Manage production scorers

Important

This feature is in Beta. Workspace admins can control access to this feature from the Previews page. See Manage Azure Databricks previews.

After you set up production monitoring, you can manage your scorers throughout their lifecycle. This page covers how to list, update, stop, restart, and delete scorers.

For the full API parameter reference, see Scorer lifecycle management API reference.

Scorer lifecycle

Scorer lifecycles are centered around MLflow experiments. Scorers are immutable — each lifecycle operation returns a new scorer instance rather than modifying the original.

State Description API
Unregistered Scorer function is defined but not known to the server.
Registered Scorer is registered to the active MLflow experiment. .register()
Active Scorer is running with a sample rate > 0. .start()
Stopped Scorer is registered but not running (sample rate = 0). .stop()
Deleted The scorer has been removed from the server and is no longer associated with the experiment. delete_scorer()

Lifecycle example

The following example demonstrates a scorer moving through all lifecycle states:

from mlflow.genai.scorers import Safety, scorer, ScorerSamplingConfig, delete_scorer

# Register → Start → Update → Stop → Delete
safety_judge = Safety().register(name="safety_check")
safety_judge = safety_judge.start(
    sampling_config=ScorerSamplingConfig(sample_rate=1.0),
)
safety_judge = safety_judge.update(
    sampling_config=ScorerSamplingConfig(sample_rate=0.8),
)
safety_judge = safety_judge.stop()
delete_scorer(name="safety_check")

Manage scorers

The following APIs are available to manage scorers.

API Description Example
list_scorers() List all registered scorers for the current experiment. List scorers
get_scorer() Retrieve a registered scorer by name. Get and update a scorer
Scorer.update() Modify the sampling configuration of an active scorer. This is an immutable operation. Get and update a scorer
backfill_scorer() Retroactively apply new or updated metrics to historical traces. Backfill historical traces with scorers
delete_scorer() Delete a registered scorer by name. Stop and delete scorers

List scorers

To view all registered scorers for your experiment:

from mlflow.genai.scorers import list_scorers

# List all registered scorers
scorers = list_scorers()
for scorer in scorers:
    print(f"Name: {scorer.name}")
    print(f"Sample rate: {scorer.sample_rate}")
    print(f"Filter: {scorer.filter_string}")
    print("---")

Get and update a scorer

Use get_scorer() to retrieve a scorer by name, then update() to modify its configuration. Because scorers are immutable, update() returns a new instance.

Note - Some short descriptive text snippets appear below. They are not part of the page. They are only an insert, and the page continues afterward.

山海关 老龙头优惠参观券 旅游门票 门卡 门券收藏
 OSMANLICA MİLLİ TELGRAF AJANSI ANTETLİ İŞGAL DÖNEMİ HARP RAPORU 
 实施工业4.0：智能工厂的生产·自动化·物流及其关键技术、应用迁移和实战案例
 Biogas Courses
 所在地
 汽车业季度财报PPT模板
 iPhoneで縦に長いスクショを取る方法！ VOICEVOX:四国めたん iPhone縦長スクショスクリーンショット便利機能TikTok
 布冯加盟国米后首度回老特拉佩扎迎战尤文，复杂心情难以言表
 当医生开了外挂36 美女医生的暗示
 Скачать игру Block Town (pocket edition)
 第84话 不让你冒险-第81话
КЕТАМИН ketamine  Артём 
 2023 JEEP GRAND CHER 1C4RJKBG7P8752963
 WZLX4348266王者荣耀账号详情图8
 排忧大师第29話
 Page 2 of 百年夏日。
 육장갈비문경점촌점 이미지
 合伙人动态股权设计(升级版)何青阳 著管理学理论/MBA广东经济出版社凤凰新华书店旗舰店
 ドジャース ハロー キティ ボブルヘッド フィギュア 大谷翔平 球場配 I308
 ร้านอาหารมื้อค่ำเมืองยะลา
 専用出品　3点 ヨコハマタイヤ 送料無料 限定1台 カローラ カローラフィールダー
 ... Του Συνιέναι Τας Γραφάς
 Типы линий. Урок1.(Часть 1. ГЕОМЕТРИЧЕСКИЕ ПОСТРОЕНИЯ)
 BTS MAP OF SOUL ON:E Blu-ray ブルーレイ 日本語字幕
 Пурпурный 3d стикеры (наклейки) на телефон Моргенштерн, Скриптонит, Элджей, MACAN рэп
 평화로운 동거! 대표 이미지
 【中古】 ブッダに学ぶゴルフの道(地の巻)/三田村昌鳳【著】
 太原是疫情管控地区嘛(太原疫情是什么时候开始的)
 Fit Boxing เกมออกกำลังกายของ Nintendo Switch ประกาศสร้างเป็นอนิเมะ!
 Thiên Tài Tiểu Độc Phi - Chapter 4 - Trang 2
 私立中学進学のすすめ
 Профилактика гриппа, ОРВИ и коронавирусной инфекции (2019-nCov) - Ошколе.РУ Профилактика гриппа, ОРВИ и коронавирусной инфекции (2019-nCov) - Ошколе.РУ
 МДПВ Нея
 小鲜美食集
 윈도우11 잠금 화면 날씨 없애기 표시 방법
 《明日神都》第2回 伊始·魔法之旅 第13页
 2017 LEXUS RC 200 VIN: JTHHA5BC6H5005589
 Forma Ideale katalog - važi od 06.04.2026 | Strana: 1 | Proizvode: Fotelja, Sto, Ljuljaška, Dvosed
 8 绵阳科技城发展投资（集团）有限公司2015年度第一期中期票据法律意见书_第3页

from mlflow.genai.scorers import get_scorer, ScorerSamplingConfig

# Get existing scorer and update its configuration (immutable operation)
safety_judge = get_scorer(name="safety_monitor")
updated_judge = safety_judge.update(sampling_config=ScorerSamplingConfig(sample_rate=0.8))

# The original scorer remains unchanged; update() returns a new scorer instance
print(f"Original sample rate: {safety_judge.sample_rate}")  # Original rate
print(f"Updated sample rate: {updated_judge.sample_rate}")   # New rate

Stop and delete scorers

Stopping a scorer sets its sample rate to 0 but keeps it registered. Deleting a scorer removes it from the server entirely.

from mlflow.genai.scorers import get_scorer, delete_scorer, ScorerSamplingConfig

# Get existing scorer
databricks_scorer = get_scorer(name="databricks_mentions")

# Stop monitoring (sets sample_rate to 0, keeps scorer registered)
stopped_scorer = databricks_scorer.stop()
print(f"Sample rate after stop: {stopped_scorer.sample_rate}")  # 0

# Restart monitoring from a stopped scorer
restarted_scorer = stopped_scorer.start(sampling_config=ScorerSamplingConfig(sample_rate=0.5))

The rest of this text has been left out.